自分の信じていたものがあっさり偽りだと思い知らされてしまう。
そうか、これが父さんの抱いていた絶望なのか。こんな絶望と父さんは戦っていたのか。
「左門は今実家のある鰈浜で暮らしている。簡単に話してくれるとは思えんが左門に話を聞きたければ繁華街やスナックを尋ねるといい。ドン・キホーテ事件のせいでひどく警戒しているから会う事自体が難しいだろうが」
「ええ、そこは何とかします。彼からは是非とも話を聞かせてもらいましょう。全ての真実を知るためにも」
その言葉に真矢はいつも通り冷静な対応をしていたが心の内はどうなのだろうか。俺と同じ様に脳味噌をかき乱されてはいないのだろうか?
「……ええと、話せる事はこれくらいですか?」
「そうだね、私が知っているのはこんなところかな」
「この際です、どうでもいいと思っている事でも知っている事はすべて話してくれますか?」
三隅さんは全ての話を終えるもまだどこか引っかかっている様な表情をしていたので、俺はそれが無性に気になり自然と会話を促してしまう。

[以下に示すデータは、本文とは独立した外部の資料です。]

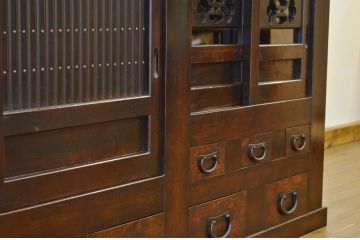 アンティーク家具　古民具・骨董 重厚な近江水屋箪笥サイドボード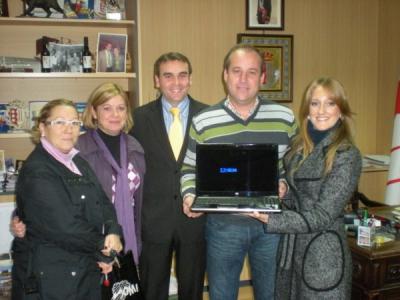 La Caixa dona un ordenador portátil al Ayuntamiento de Villafranca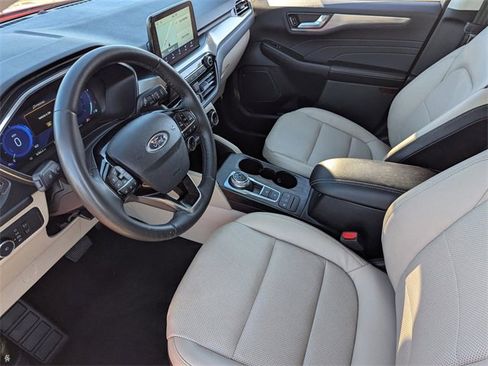 Used 2022 Ford Escape Titanium w/ Class II Trailer Tow Package image 21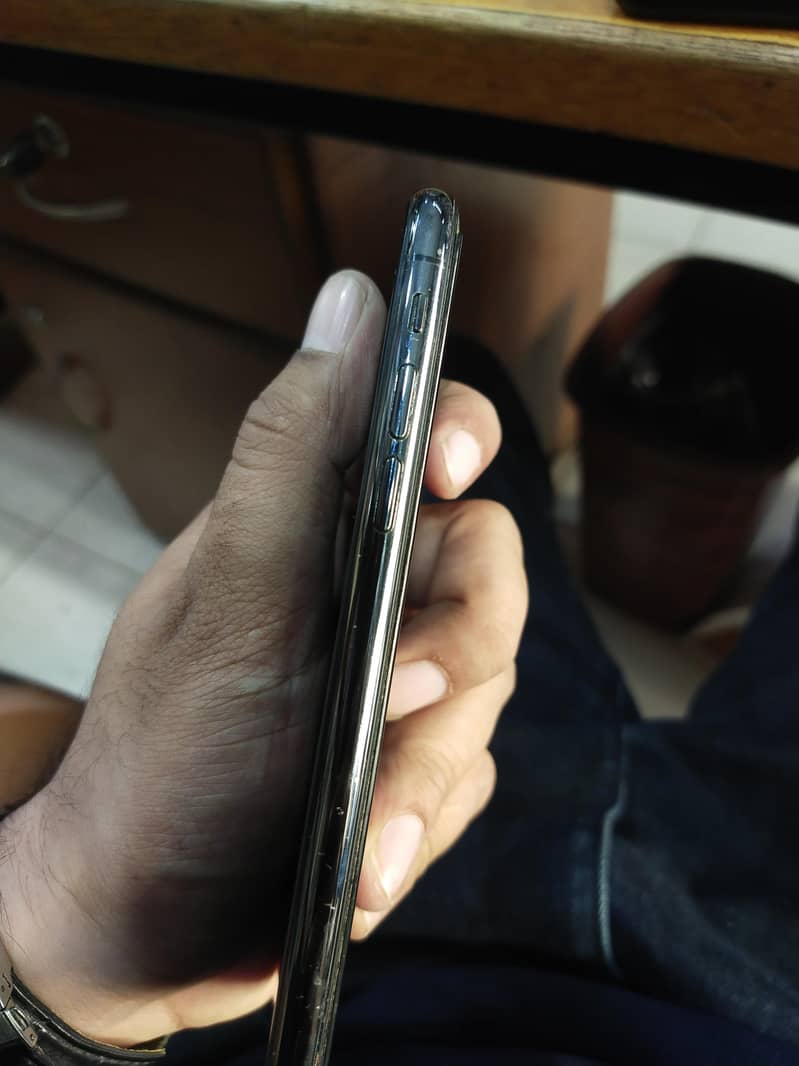 Apple iPhone X 3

「いや、大した事じゃないんだが……今日取材に来たあのプロデューサーは刈部というのだが、実はあの事件の頃星鳥大学病院で彼を見かけた気がするんだ。その日私は夜勤で廊下を歩いていたら怪しい男と出会ってね。暗くてよくわからなかったがその男と似ているんだよ、気のせいかもしれないけどね」
「それで何かが盗まれたりとか」
「いや特になかったね。少なくとも私の知る限りでは。事件の前だったか後だったかもううろ覚えだし……スクープ目的だとするなら検死の後だったかな? 年をとると物忘れがひどくなってね。すまないがやっぱり忘れてくれ」
「そうですか……」
彼はそれを気のせいだと否定する。随分と不明瞭な記憶だけど少し気になるな……一応頭の片隅には入れておこうか。
三隅さんから聞ける話はこのくらいだろうか。十分すぎるくらい収穫はあったけどまだ全体像は見えてこない。
だけど少しずつピースは集まっている。俺が気付いていないだけできっと真実はもう完成しかけてすぐそこにあるはずなんだ。